*Required action*:
A word-for-word copy of the lines from the one holding "415全品无修磨盘狮子头文玩核桃精品对 尺寸:边39肚37高32" through the final line of the records below is the only output asked for.

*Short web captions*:
= = = =

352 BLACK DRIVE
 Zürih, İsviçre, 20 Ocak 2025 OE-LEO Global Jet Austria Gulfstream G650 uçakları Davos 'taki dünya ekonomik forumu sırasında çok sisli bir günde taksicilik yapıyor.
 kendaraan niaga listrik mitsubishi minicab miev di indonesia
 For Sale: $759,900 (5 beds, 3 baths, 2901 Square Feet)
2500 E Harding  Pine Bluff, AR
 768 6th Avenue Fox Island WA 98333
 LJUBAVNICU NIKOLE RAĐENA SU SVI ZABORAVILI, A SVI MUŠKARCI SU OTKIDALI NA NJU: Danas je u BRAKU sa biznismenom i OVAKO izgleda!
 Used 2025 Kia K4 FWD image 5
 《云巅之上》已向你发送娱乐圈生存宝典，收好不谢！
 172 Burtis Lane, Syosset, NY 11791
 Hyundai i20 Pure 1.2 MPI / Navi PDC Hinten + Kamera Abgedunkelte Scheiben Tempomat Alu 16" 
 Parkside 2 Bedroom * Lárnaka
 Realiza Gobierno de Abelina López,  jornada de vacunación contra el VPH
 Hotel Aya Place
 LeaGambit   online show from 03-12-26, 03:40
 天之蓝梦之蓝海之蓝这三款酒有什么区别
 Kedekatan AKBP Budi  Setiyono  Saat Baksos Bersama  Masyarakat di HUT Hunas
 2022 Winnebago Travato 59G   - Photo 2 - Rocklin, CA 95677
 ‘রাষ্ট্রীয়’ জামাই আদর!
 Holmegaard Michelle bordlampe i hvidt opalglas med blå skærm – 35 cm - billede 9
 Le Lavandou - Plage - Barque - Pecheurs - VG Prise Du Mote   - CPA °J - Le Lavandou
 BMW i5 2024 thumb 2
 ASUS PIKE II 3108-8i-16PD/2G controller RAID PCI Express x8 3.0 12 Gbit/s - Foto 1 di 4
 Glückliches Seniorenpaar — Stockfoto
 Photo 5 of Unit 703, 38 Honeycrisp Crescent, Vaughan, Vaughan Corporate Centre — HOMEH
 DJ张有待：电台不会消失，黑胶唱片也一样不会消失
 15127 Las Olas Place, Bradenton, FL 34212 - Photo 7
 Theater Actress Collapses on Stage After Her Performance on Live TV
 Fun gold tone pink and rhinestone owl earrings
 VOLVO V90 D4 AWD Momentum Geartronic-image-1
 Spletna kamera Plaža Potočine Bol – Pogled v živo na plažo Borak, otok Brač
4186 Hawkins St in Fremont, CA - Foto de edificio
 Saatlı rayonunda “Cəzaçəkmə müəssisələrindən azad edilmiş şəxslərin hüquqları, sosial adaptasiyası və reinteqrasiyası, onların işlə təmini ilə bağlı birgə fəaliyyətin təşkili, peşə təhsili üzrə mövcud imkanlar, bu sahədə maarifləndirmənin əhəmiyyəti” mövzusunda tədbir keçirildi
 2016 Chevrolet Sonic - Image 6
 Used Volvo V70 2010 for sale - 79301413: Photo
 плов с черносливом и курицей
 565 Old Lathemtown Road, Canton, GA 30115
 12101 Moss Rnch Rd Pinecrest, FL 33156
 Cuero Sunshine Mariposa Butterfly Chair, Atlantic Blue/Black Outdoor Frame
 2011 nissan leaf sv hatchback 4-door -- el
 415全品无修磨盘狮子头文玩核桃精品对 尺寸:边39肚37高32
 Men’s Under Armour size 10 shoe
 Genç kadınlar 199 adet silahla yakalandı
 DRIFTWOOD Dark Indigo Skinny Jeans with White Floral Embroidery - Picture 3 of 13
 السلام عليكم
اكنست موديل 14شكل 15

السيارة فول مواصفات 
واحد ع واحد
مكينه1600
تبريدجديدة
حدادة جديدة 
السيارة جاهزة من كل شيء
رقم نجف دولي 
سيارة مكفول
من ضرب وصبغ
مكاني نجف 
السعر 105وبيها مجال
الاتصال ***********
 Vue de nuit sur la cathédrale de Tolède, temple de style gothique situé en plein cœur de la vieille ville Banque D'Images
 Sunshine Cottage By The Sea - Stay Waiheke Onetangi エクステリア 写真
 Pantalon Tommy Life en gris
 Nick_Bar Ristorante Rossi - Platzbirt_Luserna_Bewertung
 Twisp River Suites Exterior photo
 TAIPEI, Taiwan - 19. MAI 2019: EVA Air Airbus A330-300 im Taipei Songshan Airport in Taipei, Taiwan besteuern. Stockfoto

= = = =

*Result of the task*:
 415全品无修磨盘狮子头文玩核桃精品对 尺寸:边39肚37高32
 Men’s Under Armour size 10 shoe
 Genç kadınlar 199 adet silahla yakalandı
 DRIFTWOOD Dark Indigo Skinny Jeans with White Floral Embroidery - Picture 3 of 13
 السلام عليكم
اكنست موديل 14شكل 15

السيارة فول مواصفات 
واحد ع واحد
مكينه1600
تبريدجديدة
حدادة جديدة 
السيارة جاهزة من كل شيء
رقم نجف دولي 
سيارة مكفول
من ضرب وصبغ
مكاني نجف 
السعر 105وبيها مجال
الاتصال ***********
 Vue de nuit sur la cathédrale de Tolède, temple de style gothique situé en plein cœur de la vieille ville Banque D'Images
 Sunshine Cottage By The Sea - Stay Waiheke Onetangi エクステリア 写真
 Pantalon Tommy Life en gris
 Nick_Bar Ristorante Rossi - Platzbirt_Luserna_Bewertung
 Twisp River Suites Exterior photo
 TAIPEI, Taiwan - 19. MAI 2019: EVA Air Airbus A330-300 im Taipei Songshan Airport in Taipei, Taiwan besteuern. Stockfoto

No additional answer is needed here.